Materials provided
=== Section Start ===

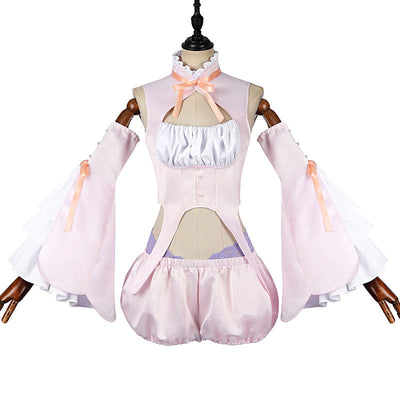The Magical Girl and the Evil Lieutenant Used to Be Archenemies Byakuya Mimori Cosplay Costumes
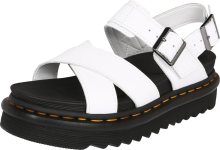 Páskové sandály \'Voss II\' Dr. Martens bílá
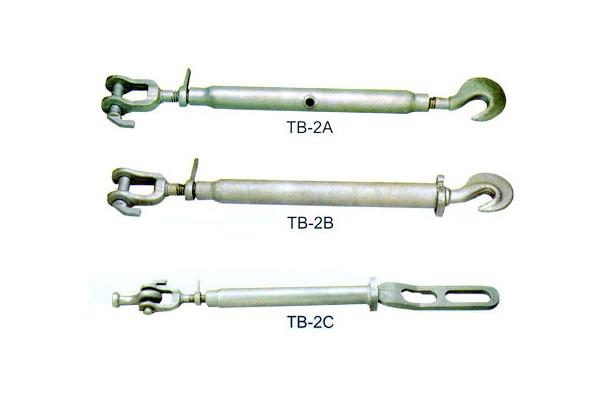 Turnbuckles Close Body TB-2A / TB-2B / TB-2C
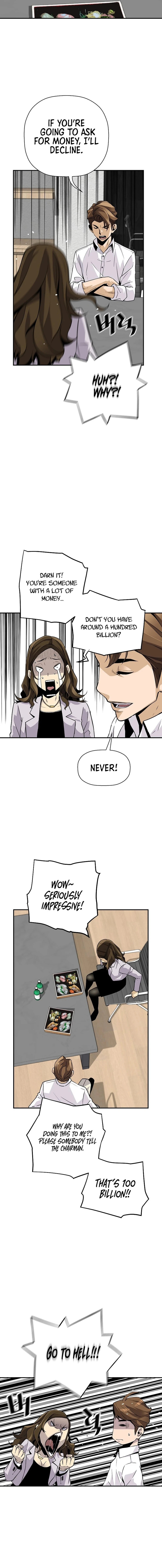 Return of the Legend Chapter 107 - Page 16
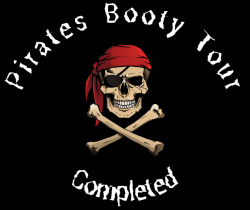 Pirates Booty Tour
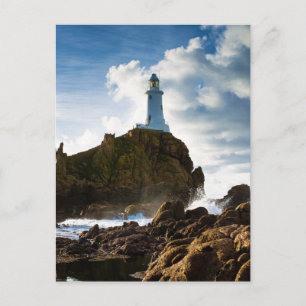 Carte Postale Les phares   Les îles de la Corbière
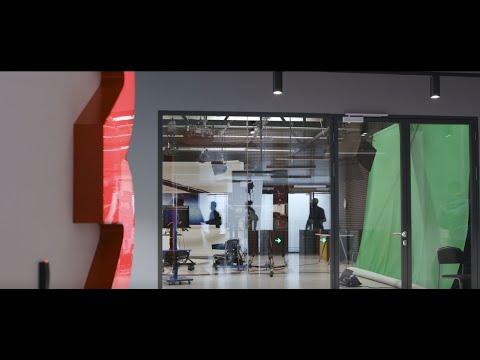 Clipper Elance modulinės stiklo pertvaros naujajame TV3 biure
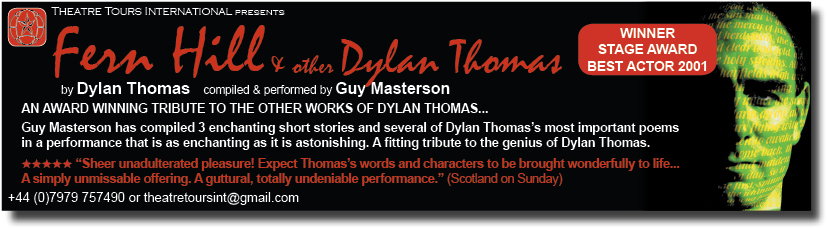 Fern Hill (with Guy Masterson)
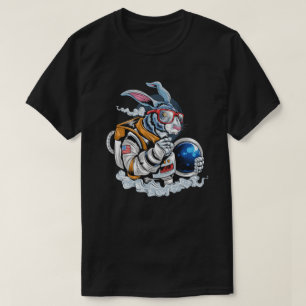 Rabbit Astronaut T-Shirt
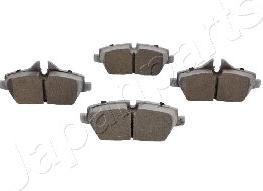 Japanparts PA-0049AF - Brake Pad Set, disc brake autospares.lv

=== Section End ===
=== Section Start ===

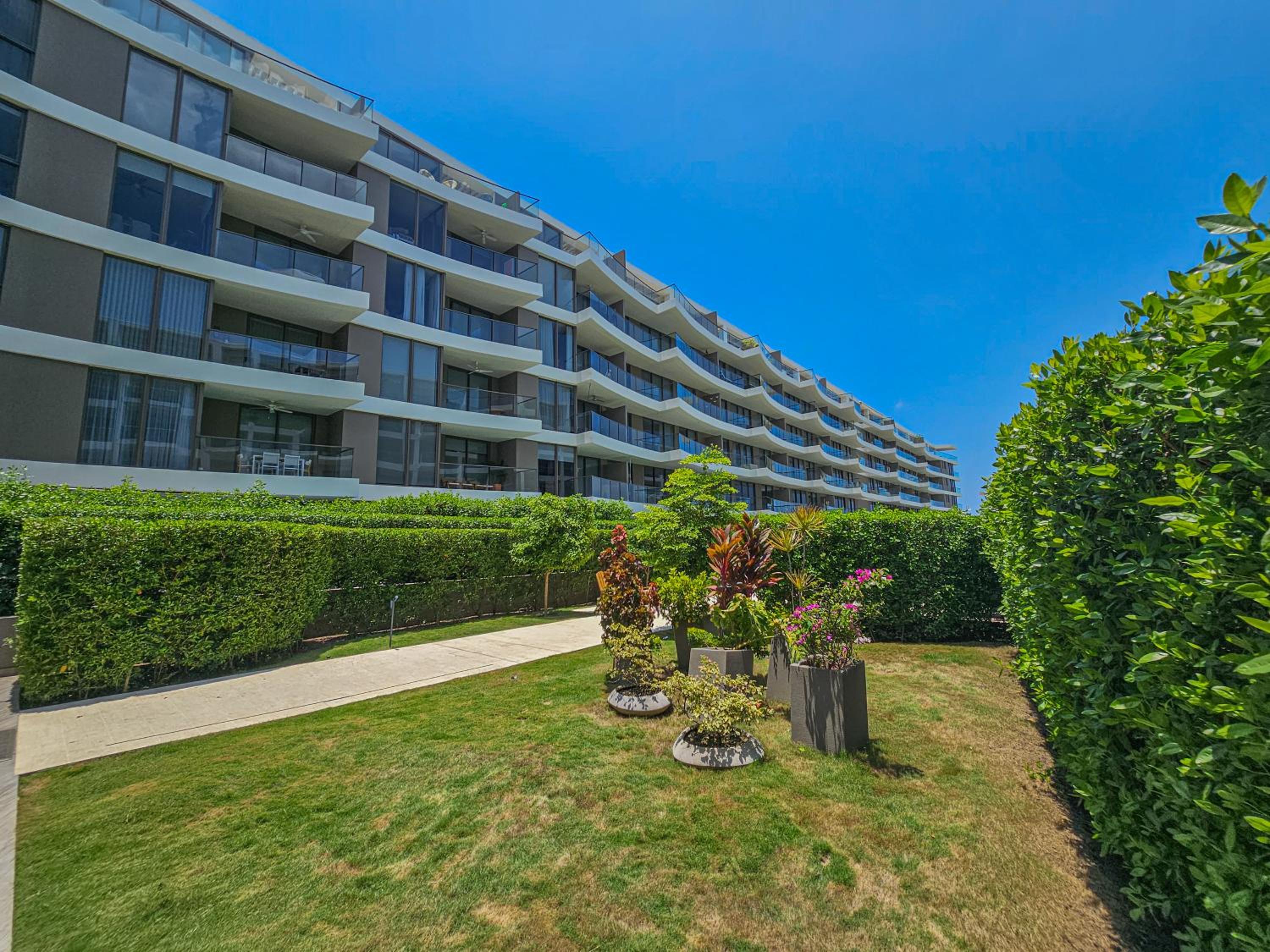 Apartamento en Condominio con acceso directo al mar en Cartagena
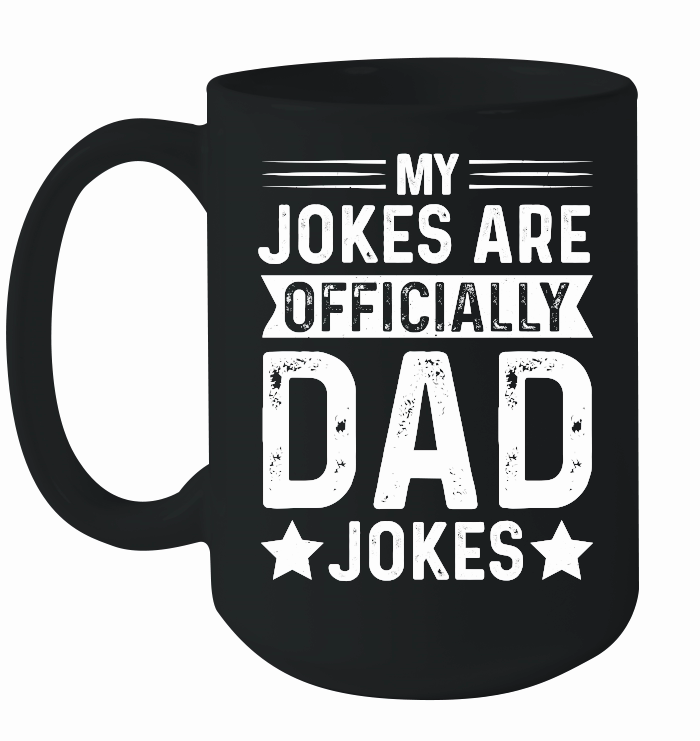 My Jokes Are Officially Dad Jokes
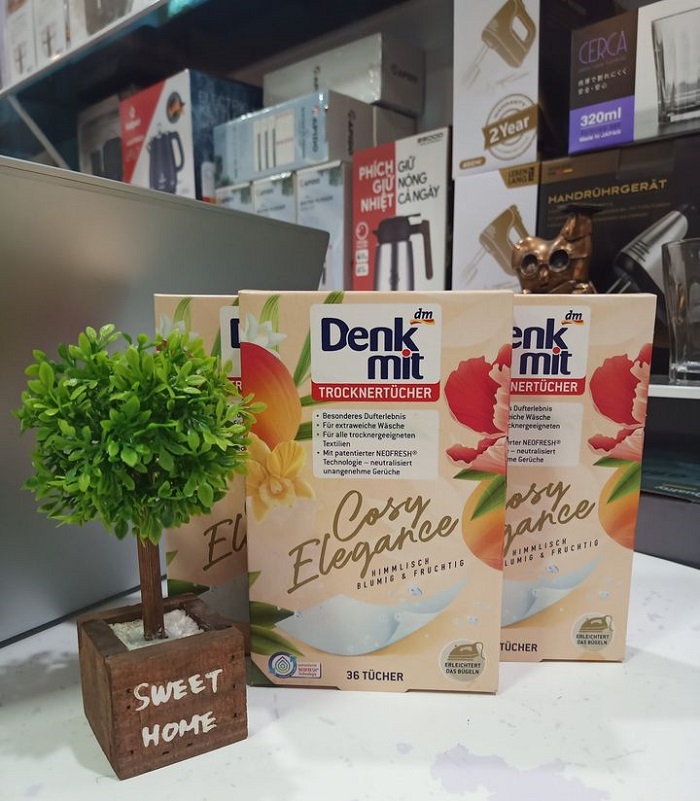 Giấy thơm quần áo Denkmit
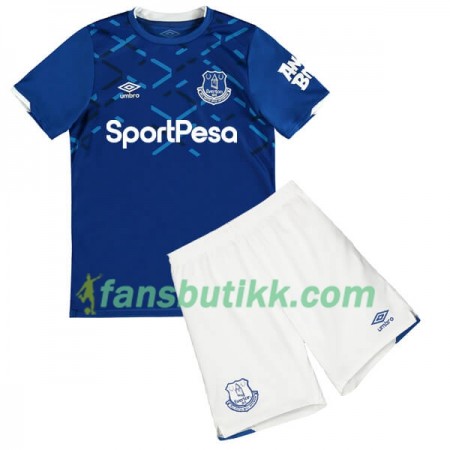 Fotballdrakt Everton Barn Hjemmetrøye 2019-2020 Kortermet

=== Section End ===
=== Section Start ===

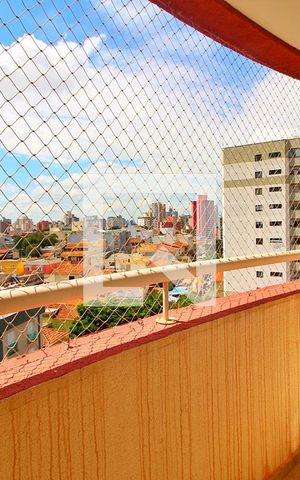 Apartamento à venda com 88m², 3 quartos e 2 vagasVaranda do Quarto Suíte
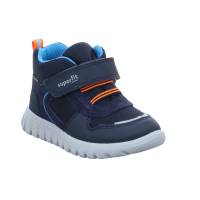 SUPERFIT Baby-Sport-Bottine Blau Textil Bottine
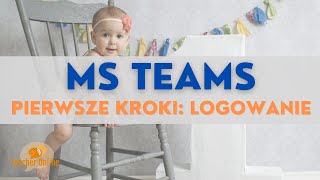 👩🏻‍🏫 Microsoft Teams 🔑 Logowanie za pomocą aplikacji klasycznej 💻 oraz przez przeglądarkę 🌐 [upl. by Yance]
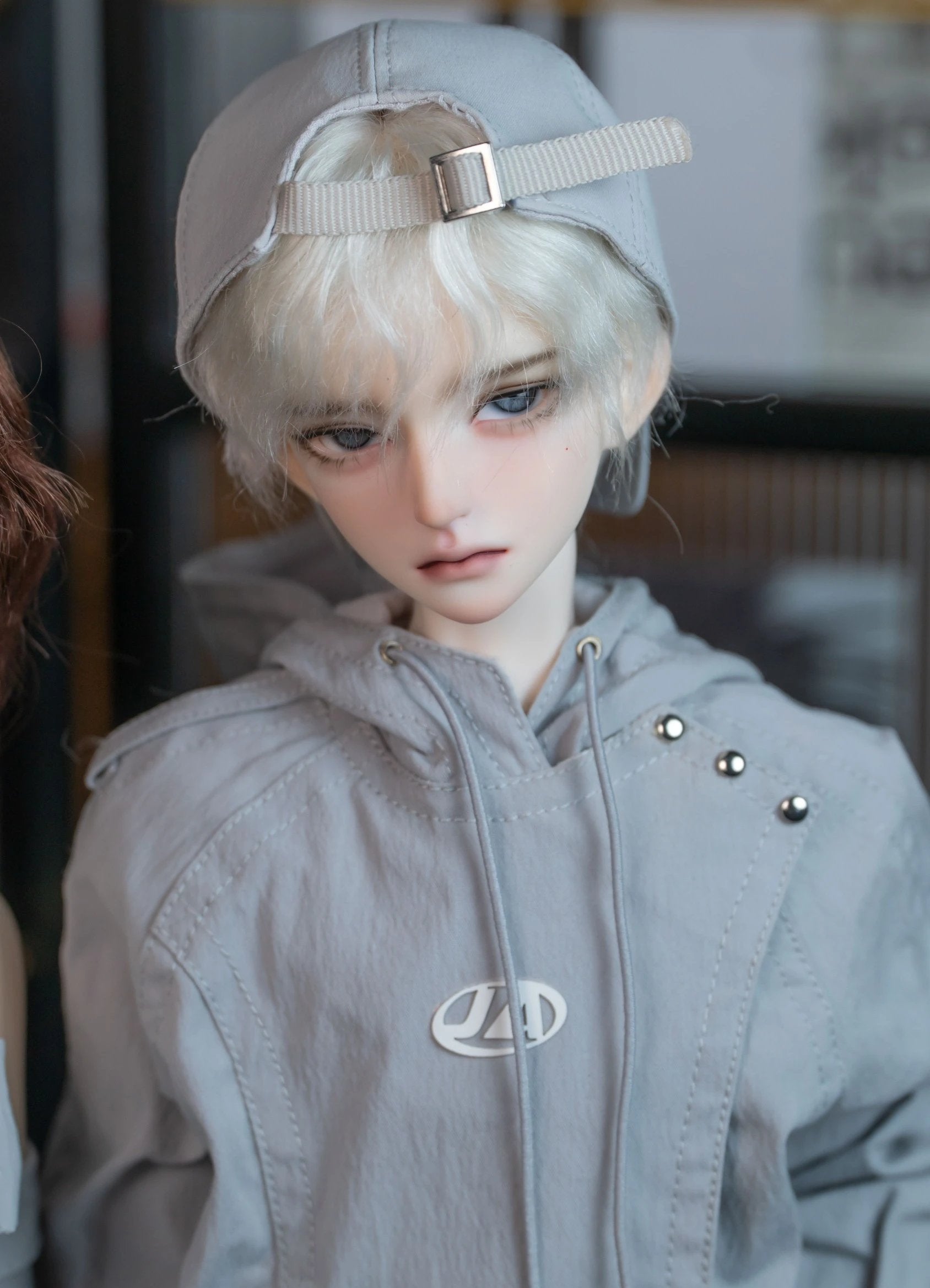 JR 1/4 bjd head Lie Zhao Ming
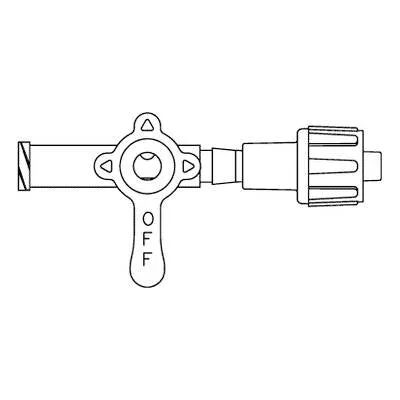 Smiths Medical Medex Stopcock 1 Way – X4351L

=== Section End ===

Exercise description
Whatever pictures the records hold, omit them; give again exactly the lines from the one containing "Giấy thơm quần áo Denkmit" through the one containing "Fotballdrakt Everton Barn".

Written reply
 Giấy thơm quần áo Denkmit
 Fotballdrakt Everton Barn Hjemmetrøye 2019-2020 Kortermet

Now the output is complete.